Duck Pot Pie
- Duck Stock:
- 2 1/2 pounds raw duck bones (about 2 carcasses)
- 1 onion, peeled and sliced
- 1 carrot, peeled and sliced
- 4 ribs celery, sliced
- 5 fresh parsley stems
- 5 sprigs fresh thyme
- 1/2 tablespoon whole black peppercorns
- 2 whole star anise
- 1/2 cinnamon stick
- 1/2 tablespoon whole allspice
- 1 gallon water
- Duck Gravy Filling:
- 2 ounces unsalted butter
- 2 1/2 ounces all-purpose flour
- 2 legs duck confit, skin removed, meat shredded
- 2/3 cup peeled and diced carrots
- 2/3 cup diced onion
- 2/3 cup sliced celery
- 2/3 cup diced Yukon gold potatoes
- 2/3 cup fresh or frozen peas
- 5 ounces shiitake mushrooms, stems removed, caps cut in quarters
- 1 tablespoon chopped fresh thyme leaves
- 1/4 teaspoon Chinese five-spice powder (cinnamon, ginger, clove, coriander, nutmeg)
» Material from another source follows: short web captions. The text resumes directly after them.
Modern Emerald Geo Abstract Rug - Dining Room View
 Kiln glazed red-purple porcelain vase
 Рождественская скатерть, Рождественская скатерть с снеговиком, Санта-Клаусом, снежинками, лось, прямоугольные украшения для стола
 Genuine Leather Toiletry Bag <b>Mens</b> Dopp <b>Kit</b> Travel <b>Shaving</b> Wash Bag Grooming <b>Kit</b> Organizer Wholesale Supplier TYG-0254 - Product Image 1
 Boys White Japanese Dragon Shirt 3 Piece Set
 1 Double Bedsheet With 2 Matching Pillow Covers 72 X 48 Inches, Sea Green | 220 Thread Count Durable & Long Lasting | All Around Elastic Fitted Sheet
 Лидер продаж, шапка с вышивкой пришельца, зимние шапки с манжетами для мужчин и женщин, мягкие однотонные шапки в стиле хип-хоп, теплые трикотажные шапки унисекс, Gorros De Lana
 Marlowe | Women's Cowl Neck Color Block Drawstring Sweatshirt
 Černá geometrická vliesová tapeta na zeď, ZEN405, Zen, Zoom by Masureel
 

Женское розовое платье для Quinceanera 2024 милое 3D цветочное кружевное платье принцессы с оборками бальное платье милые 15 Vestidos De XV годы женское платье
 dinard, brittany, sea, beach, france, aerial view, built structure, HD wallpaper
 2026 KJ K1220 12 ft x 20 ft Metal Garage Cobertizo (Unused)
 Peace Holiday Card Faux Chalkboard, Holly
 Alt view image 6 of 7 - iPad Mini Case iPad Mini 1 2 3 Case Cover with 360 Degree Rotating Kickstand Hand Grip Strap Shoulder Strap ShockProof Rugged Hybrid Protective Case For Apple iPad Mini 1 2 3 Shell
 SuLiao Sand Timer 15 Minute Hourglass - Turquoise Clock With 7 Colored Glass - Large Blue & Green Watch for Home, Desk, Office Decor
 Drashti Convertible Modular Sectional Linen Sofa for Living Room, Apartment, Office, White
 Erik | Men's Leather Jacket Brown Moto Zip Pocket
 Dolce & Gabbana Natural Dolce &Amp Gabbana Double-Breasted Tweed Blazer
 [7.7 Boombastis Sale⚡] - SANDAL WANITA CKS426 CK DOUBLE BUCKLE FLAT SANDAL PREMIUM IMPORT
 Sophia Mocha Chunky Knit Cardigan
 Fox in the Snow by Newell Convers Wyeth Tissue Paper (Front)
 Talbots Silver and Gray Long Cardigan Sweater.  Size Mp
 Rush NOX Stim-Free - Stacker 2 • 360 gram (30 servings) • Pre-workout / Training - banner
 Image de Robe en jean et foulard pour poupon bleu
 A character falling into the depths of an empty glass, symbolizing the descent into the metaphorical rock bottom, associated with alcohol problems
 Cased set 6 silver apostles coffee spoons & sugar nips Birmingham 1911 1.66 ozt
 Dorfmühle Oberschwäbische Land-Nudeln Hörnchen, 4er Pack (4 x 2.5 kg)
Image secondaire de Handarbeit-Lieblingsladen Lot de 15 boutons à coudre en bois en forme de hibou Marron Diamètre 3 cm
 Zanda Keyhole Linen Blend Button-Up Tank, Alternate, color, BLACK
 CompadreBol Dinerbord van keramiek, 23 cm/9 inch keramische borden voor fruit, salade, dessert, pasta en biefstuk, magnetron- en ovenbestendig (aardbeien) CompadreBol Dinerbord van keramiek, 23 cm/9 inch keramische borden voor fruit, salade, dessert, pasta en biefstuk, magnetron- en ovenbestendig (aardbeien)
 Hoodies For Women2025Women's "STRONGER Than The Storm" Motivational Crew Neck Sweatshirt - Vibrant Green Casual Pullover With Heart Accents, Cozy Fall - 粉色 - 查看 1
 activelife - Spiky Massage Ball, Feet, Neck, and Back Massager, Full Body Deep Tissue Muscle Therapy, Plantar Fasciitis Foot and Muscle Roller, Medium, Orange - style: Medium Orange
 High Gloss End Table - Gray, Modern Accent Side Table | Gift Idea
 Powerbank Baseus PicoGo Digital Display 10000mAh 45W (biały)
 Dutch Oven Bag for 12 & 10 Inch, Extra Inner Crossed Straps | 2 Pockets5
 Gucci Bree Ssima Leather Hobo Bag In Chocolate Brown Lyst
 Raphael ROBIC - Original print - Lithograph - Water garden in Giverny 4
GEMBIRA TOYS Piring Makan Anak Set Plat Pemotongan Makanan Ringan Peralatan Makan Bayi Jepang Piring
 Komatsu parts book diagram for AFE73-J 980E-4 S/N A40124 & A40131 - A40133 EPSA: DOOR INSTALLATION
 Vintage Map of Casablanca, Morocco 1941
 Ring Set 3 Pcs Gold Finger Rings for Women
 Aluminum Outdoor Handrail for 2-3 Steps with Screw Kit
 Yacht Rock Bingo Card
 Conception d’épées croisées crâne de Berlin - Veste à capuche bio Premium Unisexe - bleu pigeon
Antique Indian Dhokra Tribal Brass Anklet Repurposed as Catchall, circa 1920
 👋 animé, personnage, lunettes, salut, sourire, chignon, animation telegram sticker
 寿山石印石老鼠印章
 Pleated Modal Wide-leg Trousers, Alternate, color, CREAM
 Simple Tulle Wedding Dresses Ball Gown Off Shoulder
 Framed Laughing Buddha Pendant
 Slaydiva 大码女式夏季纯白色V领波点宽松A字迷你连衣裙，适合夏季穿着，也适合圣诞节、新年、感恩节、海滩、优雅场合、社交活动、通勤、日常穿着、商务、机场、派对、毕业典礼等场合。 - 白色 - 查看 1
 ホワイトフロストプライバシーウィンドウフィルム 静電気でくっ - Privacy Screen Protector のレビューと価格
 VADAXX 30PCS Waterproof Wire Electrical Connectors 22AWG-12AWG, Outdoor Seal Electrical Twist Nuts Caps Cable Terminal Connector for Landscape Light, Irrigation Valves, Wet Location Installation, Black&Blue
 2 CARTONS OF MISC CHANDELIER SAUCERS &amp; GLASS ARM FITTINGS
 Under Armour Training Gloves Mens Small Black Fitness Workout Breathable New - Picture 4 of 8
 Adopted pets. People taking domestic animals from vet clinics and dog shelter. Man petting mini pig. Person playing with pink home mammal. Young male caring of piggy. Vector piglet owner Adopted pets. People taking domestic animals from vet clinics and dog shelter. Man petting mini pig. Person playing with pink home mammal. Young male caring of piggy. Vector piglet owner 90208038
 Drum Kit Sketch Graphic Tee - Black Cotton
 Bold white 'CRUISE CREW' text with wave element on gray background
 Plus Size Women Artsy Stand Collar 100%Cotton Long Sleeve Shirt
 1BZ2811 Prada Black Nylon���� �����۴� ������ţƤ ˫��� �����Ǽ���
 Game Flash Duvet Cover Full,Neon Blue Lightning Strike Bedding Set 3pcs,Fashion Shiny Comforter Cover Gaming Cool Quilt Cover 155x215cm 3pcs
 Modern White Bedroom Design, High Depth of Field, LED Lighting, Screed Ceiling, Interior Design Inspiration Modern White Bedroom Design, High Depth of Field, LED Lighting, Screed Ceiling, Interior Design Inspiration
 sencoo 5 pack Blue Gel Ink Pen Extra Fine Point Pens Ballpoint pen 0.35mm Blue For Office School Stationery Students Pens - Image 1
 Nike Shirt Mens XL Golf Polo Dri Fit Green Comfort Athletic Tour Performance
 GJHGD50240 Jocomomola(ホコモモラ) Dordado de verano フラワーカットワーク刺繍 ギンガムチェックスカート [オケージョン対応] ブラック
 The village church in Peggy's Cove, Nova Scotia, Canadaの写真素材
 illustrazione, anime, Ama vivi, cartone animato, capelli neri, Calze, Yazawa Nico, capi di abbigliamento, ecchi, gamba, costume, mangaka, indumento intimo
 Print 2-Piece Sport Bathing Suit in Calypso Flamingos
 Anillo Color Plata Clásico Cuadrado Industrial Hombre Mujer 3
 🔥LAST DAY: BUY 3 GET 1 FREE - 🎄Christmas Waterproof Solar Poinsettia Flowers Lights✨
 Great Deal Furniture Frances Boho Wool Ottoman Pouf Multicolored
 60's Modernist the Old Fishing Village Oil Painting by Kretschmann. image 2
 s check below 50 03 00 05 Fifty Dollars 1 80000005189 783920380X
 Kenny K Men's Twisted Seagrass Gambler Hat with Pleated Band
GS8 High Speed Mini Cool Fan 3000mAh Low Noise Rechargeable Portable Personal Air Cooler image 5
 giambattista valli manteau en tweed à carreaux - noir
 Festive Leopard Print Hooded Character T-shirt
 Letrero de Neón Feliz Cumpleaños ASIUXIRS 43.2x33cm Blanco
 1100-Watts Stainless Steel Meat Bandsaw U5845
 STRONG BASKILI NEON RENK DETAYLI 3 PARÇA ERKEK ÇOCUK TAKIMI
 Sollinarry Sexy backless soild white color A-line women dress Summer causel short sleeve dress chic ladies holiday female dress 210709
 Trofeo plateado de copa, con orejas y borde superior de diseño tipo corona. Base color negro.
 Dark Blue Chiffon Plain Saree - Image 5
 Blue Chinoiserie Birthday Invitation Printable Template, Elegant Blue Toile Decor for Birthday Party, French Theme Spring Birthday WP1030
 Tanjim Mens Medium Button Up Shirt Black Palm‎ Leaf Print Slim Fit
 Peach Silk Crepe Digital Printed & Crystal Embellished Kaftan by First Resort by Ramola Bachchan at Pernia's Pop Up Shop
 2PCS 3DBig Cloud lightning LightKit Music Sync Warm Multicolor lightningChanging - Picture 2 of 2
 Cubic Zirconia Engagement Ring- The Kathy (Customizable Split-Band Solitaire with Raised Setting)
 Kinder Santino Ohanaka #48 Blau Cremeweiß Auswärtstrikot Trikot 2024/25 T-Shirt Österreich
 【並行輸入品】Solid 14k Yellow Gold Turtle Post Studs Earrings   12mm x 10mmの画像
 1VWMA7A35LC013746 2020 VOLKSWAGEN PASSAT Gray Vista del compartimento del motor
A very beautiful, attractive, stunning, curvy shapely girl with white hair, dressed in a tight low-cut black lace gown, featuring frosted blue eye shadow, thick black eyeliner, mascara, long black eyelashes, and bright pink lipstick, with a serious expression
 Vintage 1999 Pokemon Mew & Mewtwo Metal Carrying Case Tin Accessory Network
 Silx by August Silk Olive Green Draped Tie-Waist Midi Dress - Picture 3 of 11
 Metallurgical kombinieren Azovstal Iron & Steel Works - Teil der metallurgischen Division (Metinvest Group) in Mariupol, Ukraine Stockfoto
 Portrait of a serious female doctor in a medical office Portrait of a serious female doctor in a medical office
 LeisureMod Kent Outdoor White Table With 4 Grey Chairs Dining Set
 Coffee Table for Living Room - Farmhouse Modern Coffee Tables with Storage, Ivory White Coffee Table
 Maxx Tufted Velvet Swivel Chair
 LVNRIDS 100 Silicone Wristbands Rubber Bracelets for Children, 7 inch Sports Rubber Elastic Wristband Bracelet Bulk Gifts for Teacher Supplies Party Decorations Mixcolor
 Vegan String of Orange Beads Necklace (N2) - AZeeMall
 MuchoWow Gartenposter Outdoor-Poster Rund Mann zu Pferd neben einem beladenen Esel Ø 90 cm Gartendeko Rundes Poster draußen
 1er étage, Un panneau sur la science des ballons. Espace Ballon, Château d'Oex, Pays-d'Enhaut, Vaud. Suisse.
- 1 package refrigerated pie crusts (2)
- 1 egg white, whisked with 1 teaspoon water
- This recipe was provided by professional chefs and has been scaled down from a bulk recipe provided by a restaurant. The Food Network Kitchens chefs have not tested this recipe, in the proportions indicated, and therefore, we cannot make any representation as to the results.
Drain any fat from the tray and put the bones in a stockpot. Add the remaining ingredients and bring to a boil over high heat. Reduce the heat to medium-low and simmer uncovered for about 3 hours. Skim off any fat that accumulates at the top with a ladle while it is simmering.
After 3 hours, strain the stock. You should yield about 2 quarts of stock, if you have ended up with much more continue to simmer it until reduced to 2 quarts. Set aside.
Duck Gravy Filling: Melt the butter over medium heat in a large saucepot. Do not let the butter brown. Whisk in the flour and cook over medium heat, stirring frequently, until it turns very light brown, about 5 minutes. Slowly whisk in 6 cups of the hot duck stock. Make sure to add the stock very slowly, whisking the entire time to avoid getting any lumps. Once it comes to a boil, reduce the heat to low and add all the remaining ingredients, except for the five-spice powder. Simmer until the gravy thickly coats the back of a spoon and the vegetables are tender, about 30 minutes. Season the gravy, to taste, with salt, pepper, and the five-spice powder.
Preheat the oven to 350 degrees F.
Assemble the potpie. Roll out 2 refrigerated pie crusts to about 13 inches in diameter. Lay 1 crust in a 9-inch deep-dish pie plate, making sure to have at least 1/2-inch extra hanging over the sides of the dish. Fill with about 1/2 of the potpie filling, or until the filling is just under the level of the top of the dish. Gently, lay the other crust over the top. Trim the edges of the crust with scissors so that you have only about 1/2-inch extra. Tuck the crusts under all around and crimp closed using a fork. Brush the top of the pie with the egg white. Cut 3 small slits in the center of the pie. Put the pie on a sheet tray and bake in the preheated oven until the crust is golden brown and the center is piping hot, about 1 hour.